### [What needs to be done]
Your answer must be an exact copy of the listing, with the images left out.

### [Supplied information]
+ + + + +
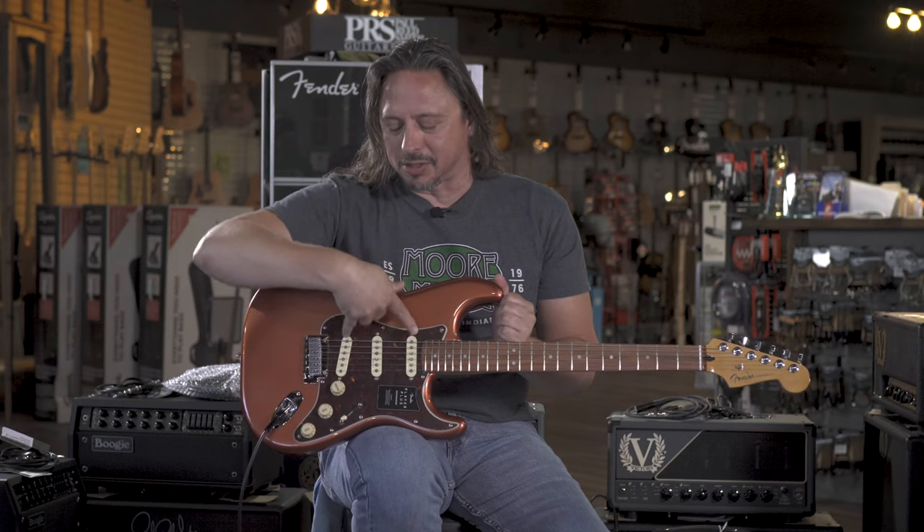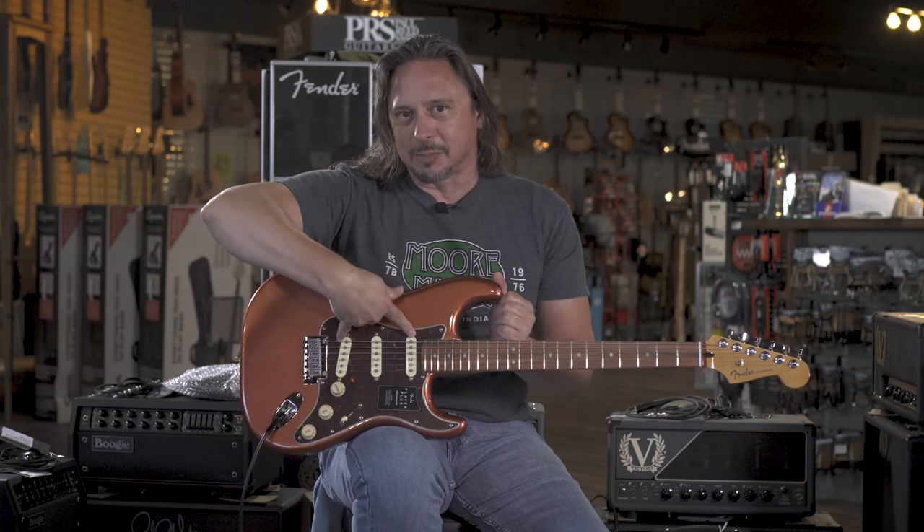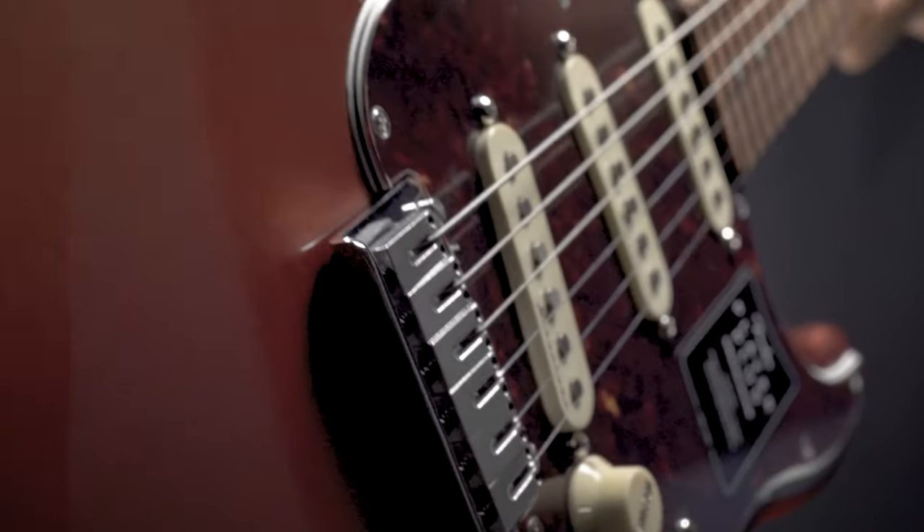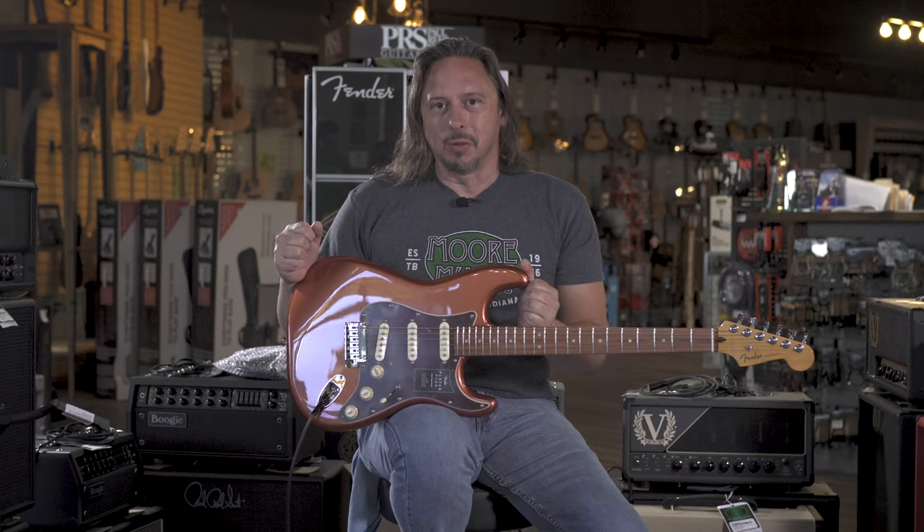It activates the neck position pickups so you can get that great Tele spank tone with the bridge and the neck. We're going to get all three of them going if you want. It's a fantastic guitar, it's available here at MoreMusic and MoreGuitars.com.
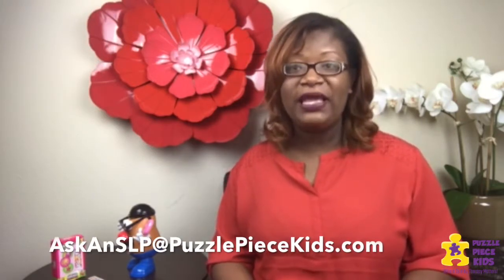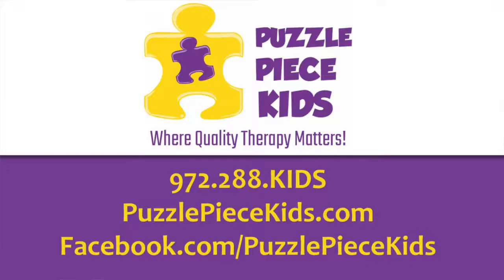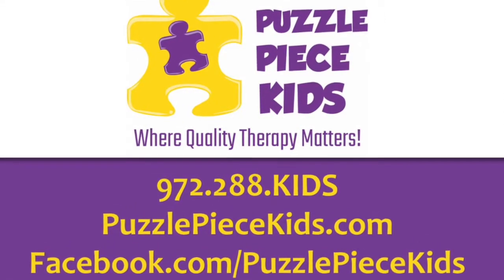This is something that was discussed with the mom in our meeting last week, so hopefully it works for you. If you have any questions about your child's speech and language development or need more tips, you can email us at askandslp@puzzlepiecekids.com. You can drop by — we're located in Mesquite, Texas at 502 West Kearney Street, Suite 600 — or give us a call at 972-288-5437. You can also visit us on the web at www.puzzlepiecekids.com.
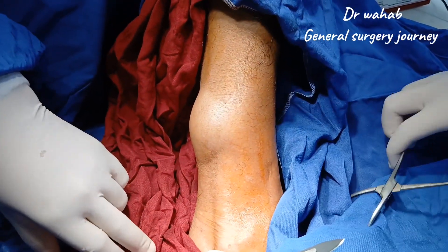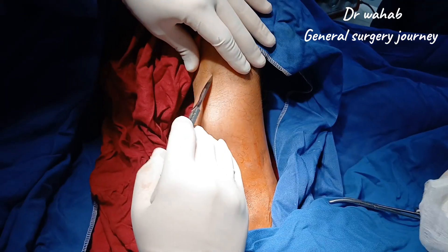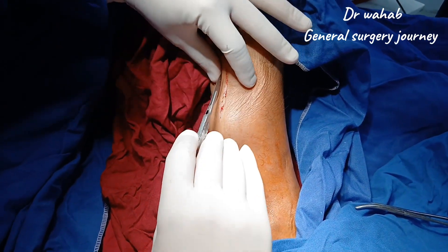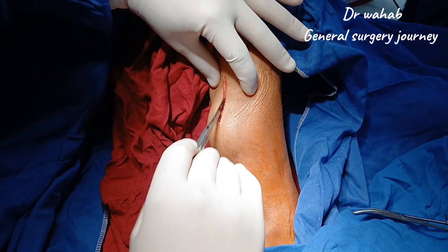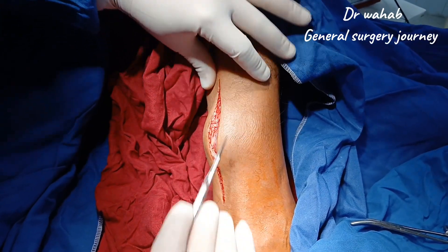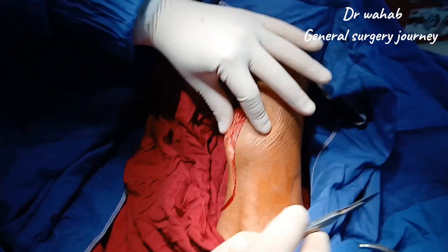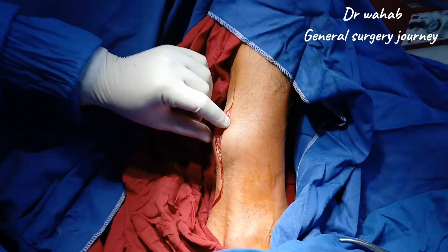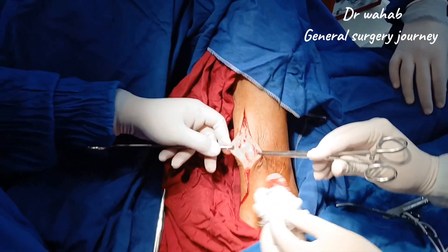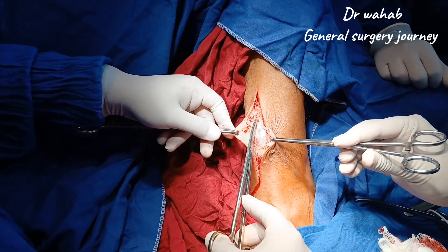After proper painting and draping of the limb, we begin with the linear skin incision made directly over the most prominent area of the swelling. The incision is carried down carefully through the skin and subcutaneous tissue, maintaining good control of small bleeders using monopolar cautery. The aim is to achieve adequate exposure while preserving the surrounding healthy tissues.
+ + + + +
### [Result of the exercise]
It activates the neck position pickups so you can get that great Tele spank tone with the bridge and the neck. We're going to get all three of them going if you want. It's a fantastic guitar, it's available here at MoreMusic and MoreGuitars.com.
This is something that was discussed with the mom in our meeting last week, so hopefully it works for you. If you have any questions about your child's speech and language development or need more tips, you can email us at askandslp@puzzlepiecekids.com. You can drop by — we're located in Mesquite, Texas at 502 West Kearney Street, Suite 600 — or give us a call at 972-288-5437. You can also visit us on the web at www.puzzlepiecekids.com.
After proper painting and draping of the limb, we begin with the linear skin incision made directly over the most prominent area of the swelling. The incision is carried down carefully through the skin and subcutaneous tissue, maintaining good control of small bleeders using monopolar cautery. The aim is to achieve adequate exposure while preserving the surrounding healthy tissues.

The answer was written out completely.